Indexing Pipeline

Loader

Git-aware discovery honoring .gitignore with root-relative patterns.
Chunker

Fixed, AST-aware, or hybrid chunk strategies with line attribution.
Embedder

Deterministic local or provider-backed embeddings configured in Pydantic.
Chunk Summaries

Optional LLM-generated chunk_summaries to improve sparse search.
Graph Builder

Entity/relationship extraction and Neo4j persistence.

Idempotent Indexing

Use force_reindex=false for incremental updates. The indexer skips unchanged files using mtime/hash checks where available.

Storage Layout

Chunks, embeddings, and FTS are in PostgreSQL. Graph artifacts are in Neo4j. Sizes are summarized via dashboard endpoints.

Large Corpora

Configure Neo4j heap and page cache via environment for multi-million edge graphs.

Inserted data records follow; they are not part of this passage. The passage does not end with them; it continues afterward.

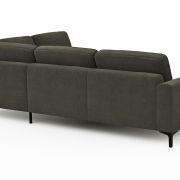 Ecksofa Oviedo – Ecke links mit 2,5-Sitzer, Stoff, Braungrün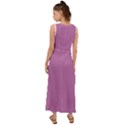 Bodacious Pink	 - 	V-Neck Chiffon Maxi Dress View2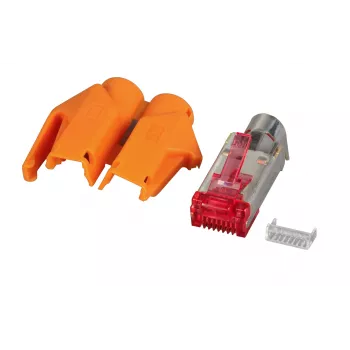 EFB Elektronik RJ45 Hirose TM21 Kištukas STP Cat.6 Oranžinis 50 vnt.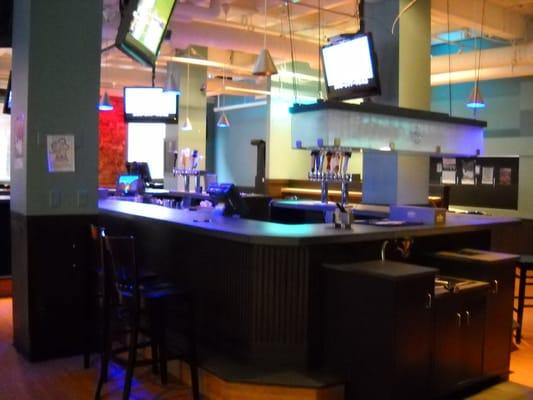 the bar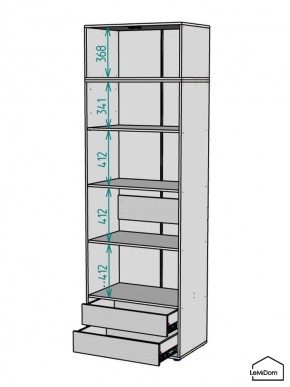 Шкаф с антресолью Linnea MHR-2A-4 2450х800х510 (Белый-М 11.1.2) в Камышлове - kamyshlov.mebel24.online | фото 3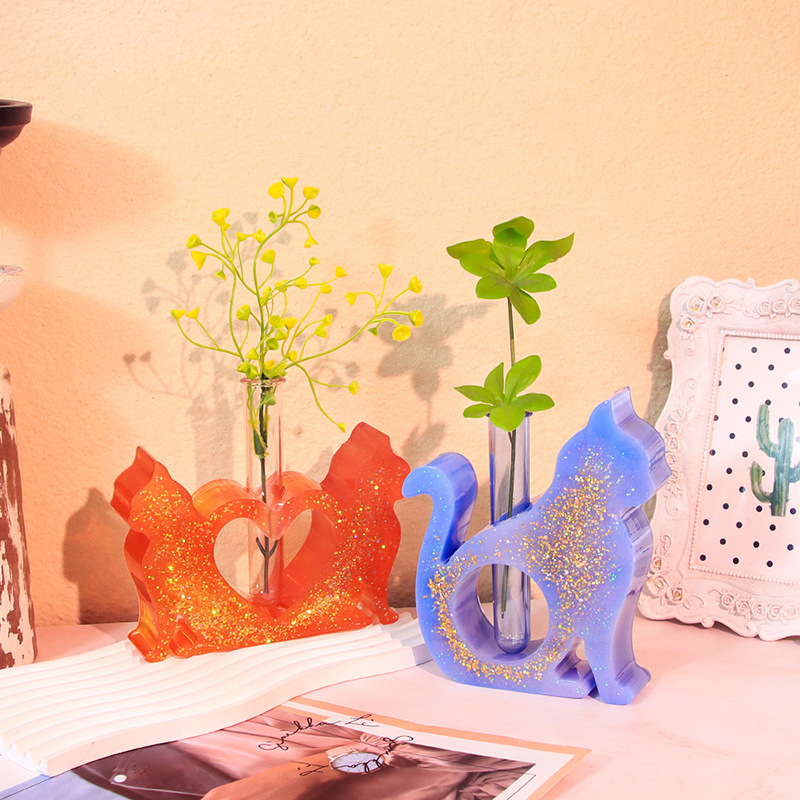 Cetakan Resin berbentuk kucing - Flower Girl Basket ulasan dan harga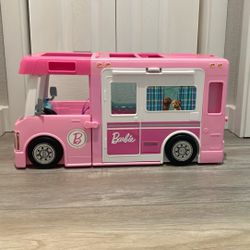 Barbie Camper, Boat, Car, Some accessories 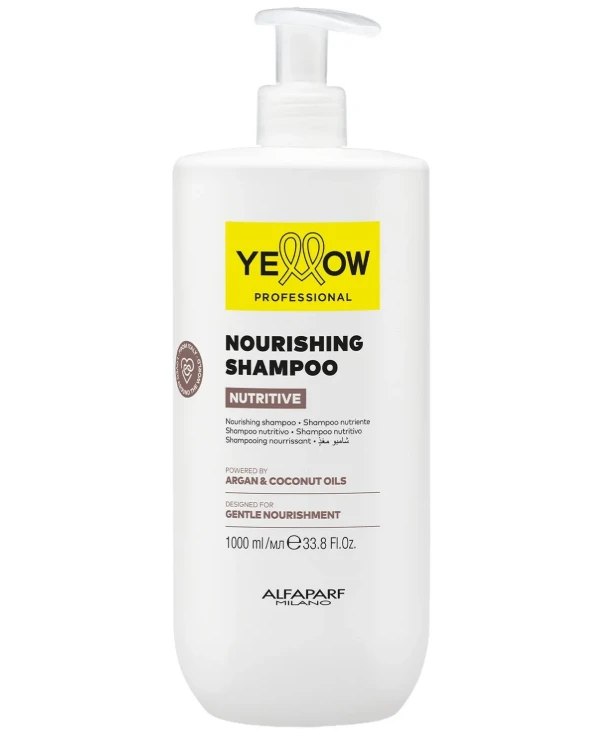 Yellow - Питательный шампунь для волос Argan and Coconut Nourishing Shampoo 1000 мл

Monitor Postgres disk growth for pgvector indexes.

Pipeline Flow

flowchart LR
    L["FileLoader"] --> C["Chunker"]
    C --> E["Embedder"]
    E --> P["PostgreSQL"]
    C --> S["ChunkSummarizer"]
    S --> P
    C --> GB["GraphBuilder"]
    GB --> N["Neo4j"]

Chunking & Embedding Controls (Selected)

Section	Field	Default	Notes
chunking	`chunk_size`	1000	Target chars per chunk
chunking	`chunk_overlap`	200	Overlap for continuity
chunking	`chunking_strategy`	ast	`ast \\| greedy \\| hybrid`
chunking	`max_chunk_tokens`	8000	Split recursively if larger
embedding	`embedding_type`	openai	Provider selector
embedding	`embedding_model`	text-embedding-3-large	Model id
embedding	`embedding_dim`	3072	Must match model outputs
indexing	`bm25_tokenizer`	stemmer	Tokenizer for FTS

Start Indexing via API (Annotated)

Python

import httpx
base = "http://127.0.0.1:8012/api"

req = {
    "corpus_id": "tribrid",   # (1)!
    "repo_path": "/work/src/tribrid",
    "force_reindex": False
}
httpx.post(f"{base}/index", json=req).raise_for_status()  # (2)!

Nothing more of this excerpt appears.